*** Opening of RECORDS PROVIDED ***
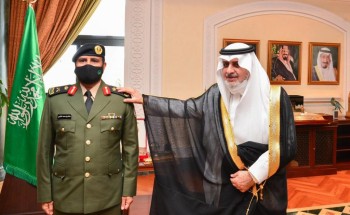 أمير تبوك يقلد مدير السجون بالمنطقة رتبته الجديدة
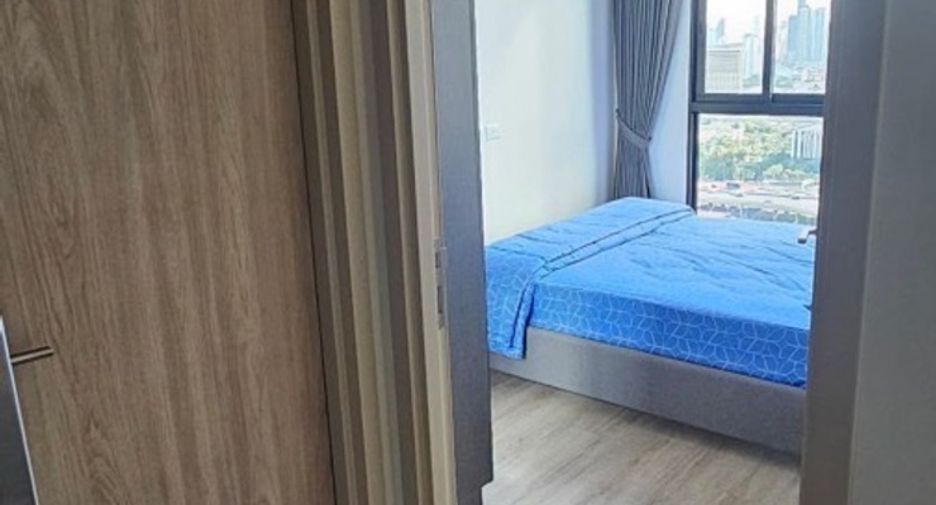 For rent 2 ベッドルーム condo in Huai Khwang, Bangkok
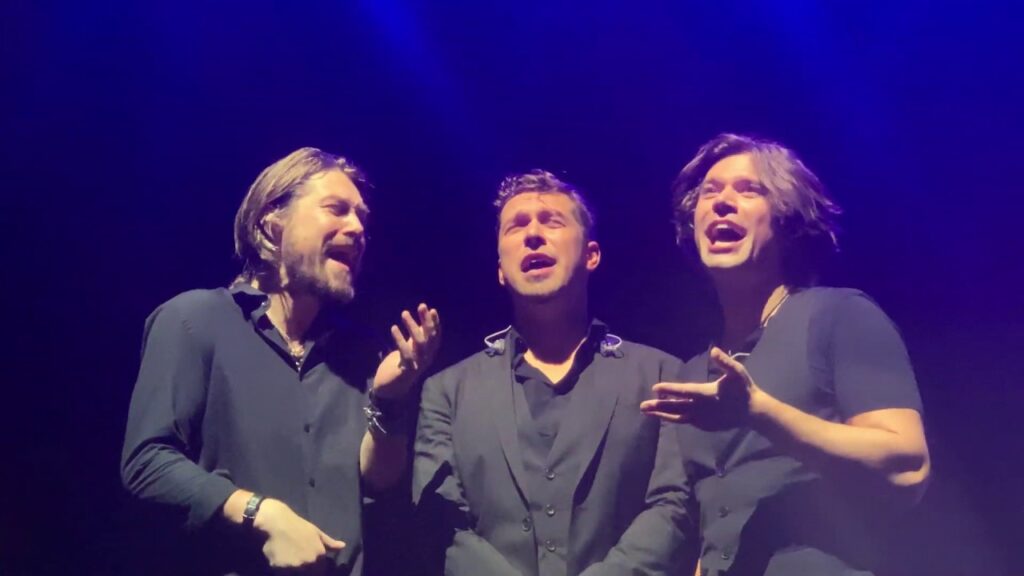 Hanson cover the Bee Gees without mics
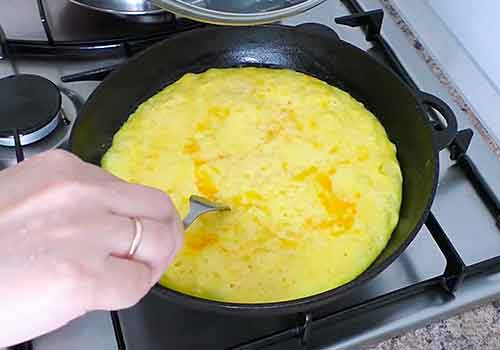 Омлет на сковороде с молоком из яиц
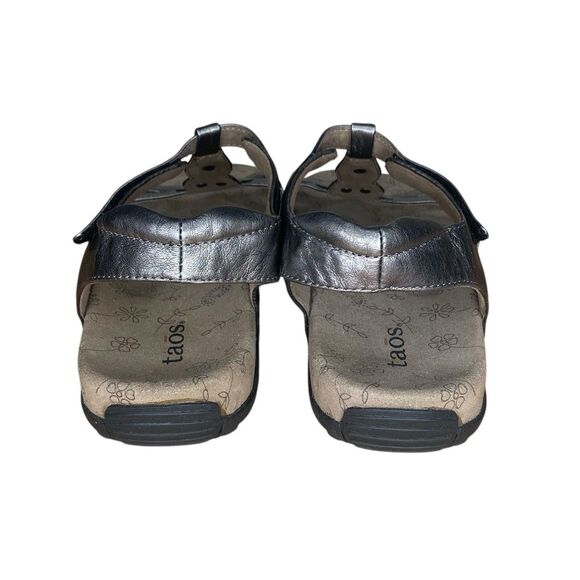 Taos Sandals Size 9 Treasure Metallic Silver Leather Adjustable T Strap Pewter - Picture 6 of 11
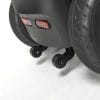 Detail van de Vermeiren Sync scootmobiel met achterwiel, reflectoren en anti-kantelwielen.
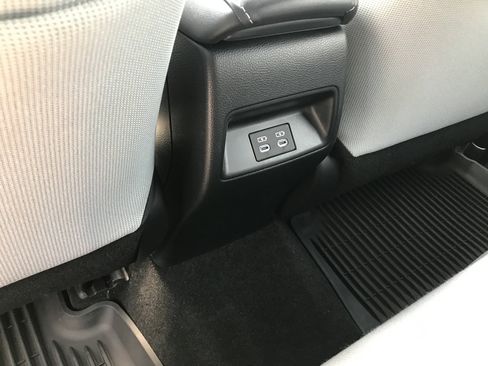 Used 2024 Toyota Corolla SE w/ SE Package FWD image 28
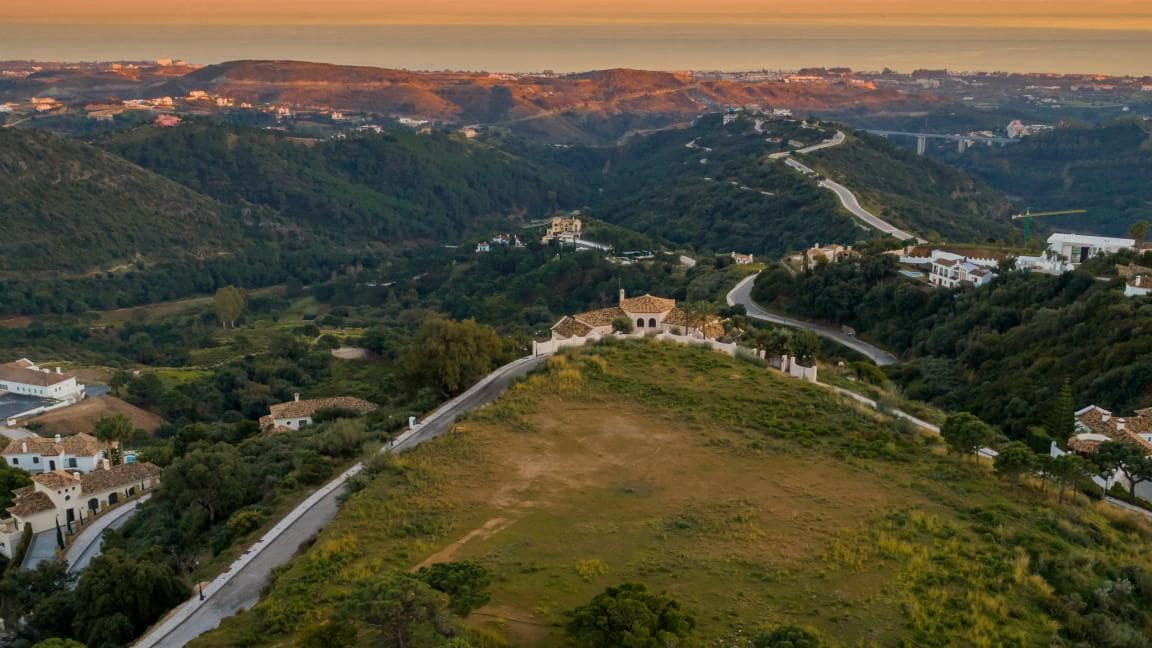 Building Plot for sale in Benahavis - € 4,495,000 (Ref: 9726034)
*** Close of RECORDS PROVIDED ***
» **WHAT THE EXERCISE ASKS**:
Omit the pictures, then copy out all the data exactly as it stands.

» **ANSWER TO THIS TASK**:
 أمير تبوك يقلد مدير السجون بالمنطقة رتبته الجديدة
 For rent 2 ベッドルーム condo in Huai Khwang, Bangkok
 Hanson cover the Bee Gees without mics
 Омлет на сковороде с молоком из яиц
 Taos Sandals Size 9 Treasure Metallic Silver Leather Adjustable T Strap Pewter - Picture 6 of 11
 Detail van de Vermeiren Sync scootmobiel met achterwiel, reflectoren en anti-kantelwielen.
 Used 2024 Toyota Corolla SE w/ SE Package FWD image 28
 Building Plot for sale in Benahavis - € 4,495,000 (Ref: 9726034)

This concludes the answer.